*** Opening Data ***

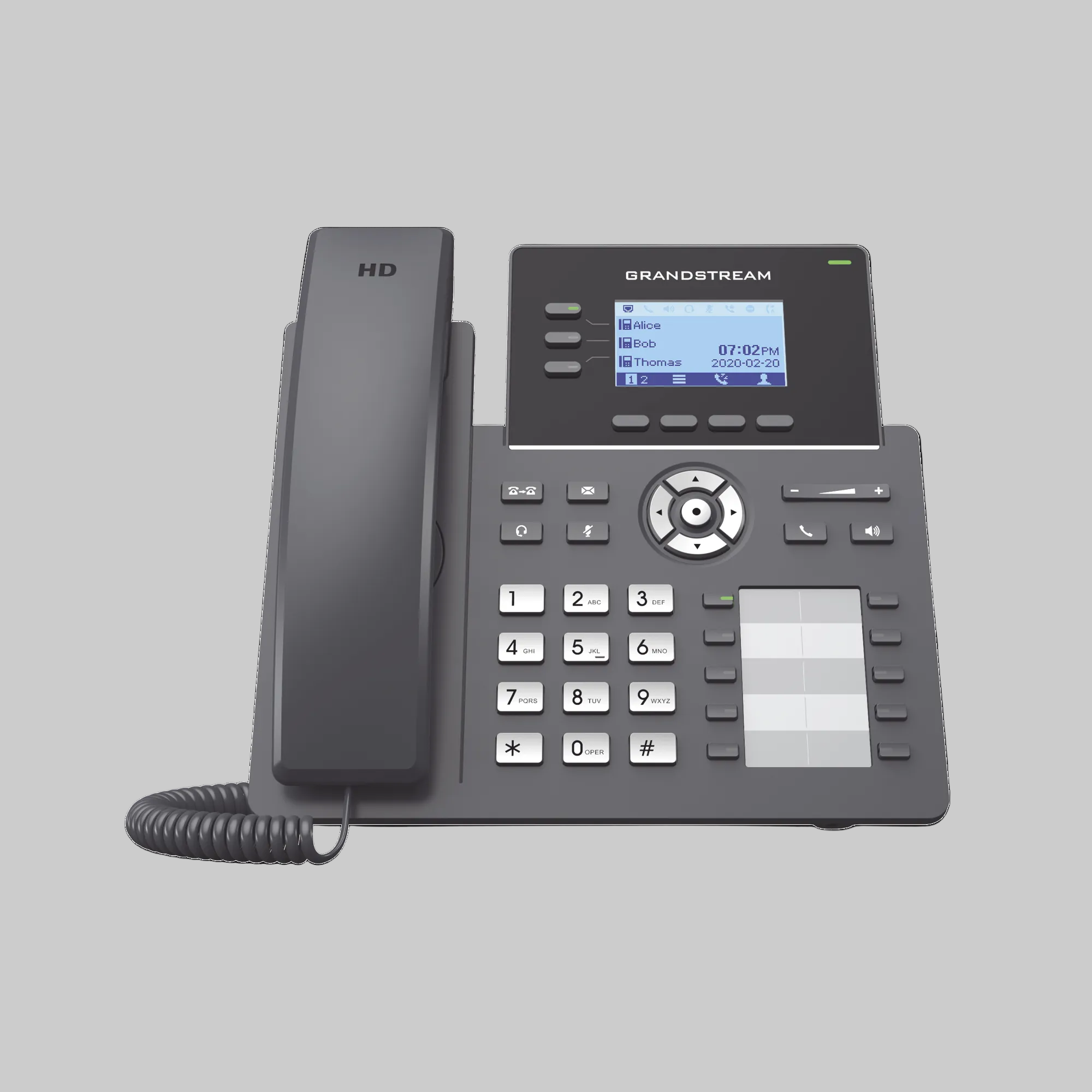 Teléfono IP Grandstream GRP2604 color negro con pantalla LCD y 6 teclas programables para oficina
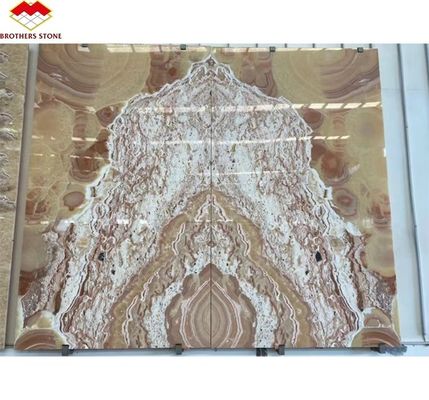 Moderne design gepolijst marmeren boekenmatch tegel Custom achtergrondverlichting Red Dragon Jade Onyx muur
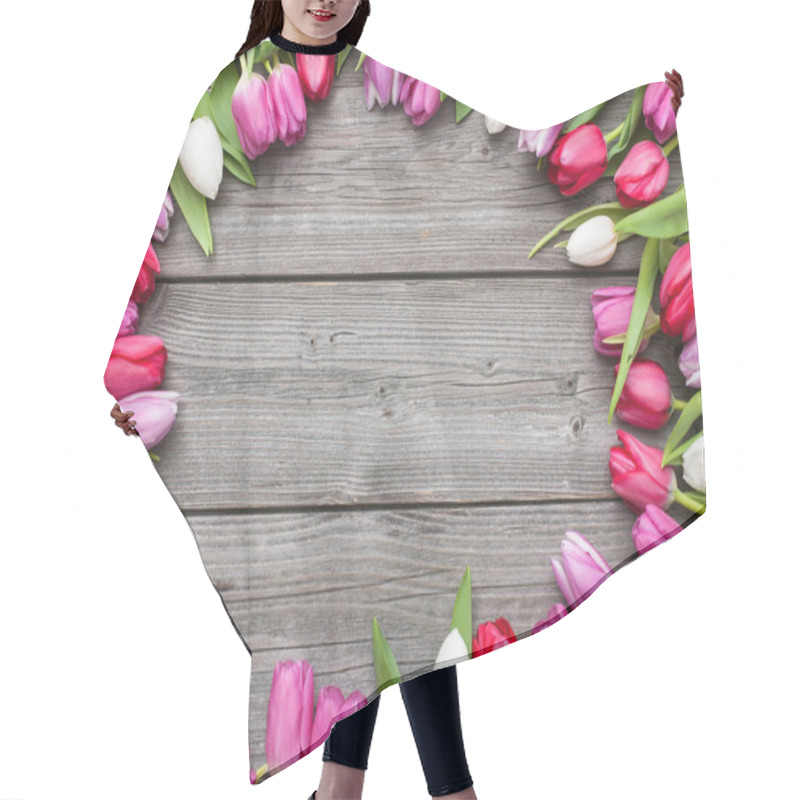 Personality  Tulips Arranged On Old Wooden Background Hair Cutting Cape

*** Closing Data ***

[About this task]:
Restate the data above verbatim, skipping every image.

[Task answer]:
 Teléfono IP Grandstream GRP2604 color negro con pantalla LCD y 6 teclas programables para oficina
 Moderne design gepolijst marmeren boekenmatch tegel Custom achtergrondverlichting Red Dragon Jade Onyx muur
 Personality  Tulips Arranged On Old Wooden Background Hair Cutting Cape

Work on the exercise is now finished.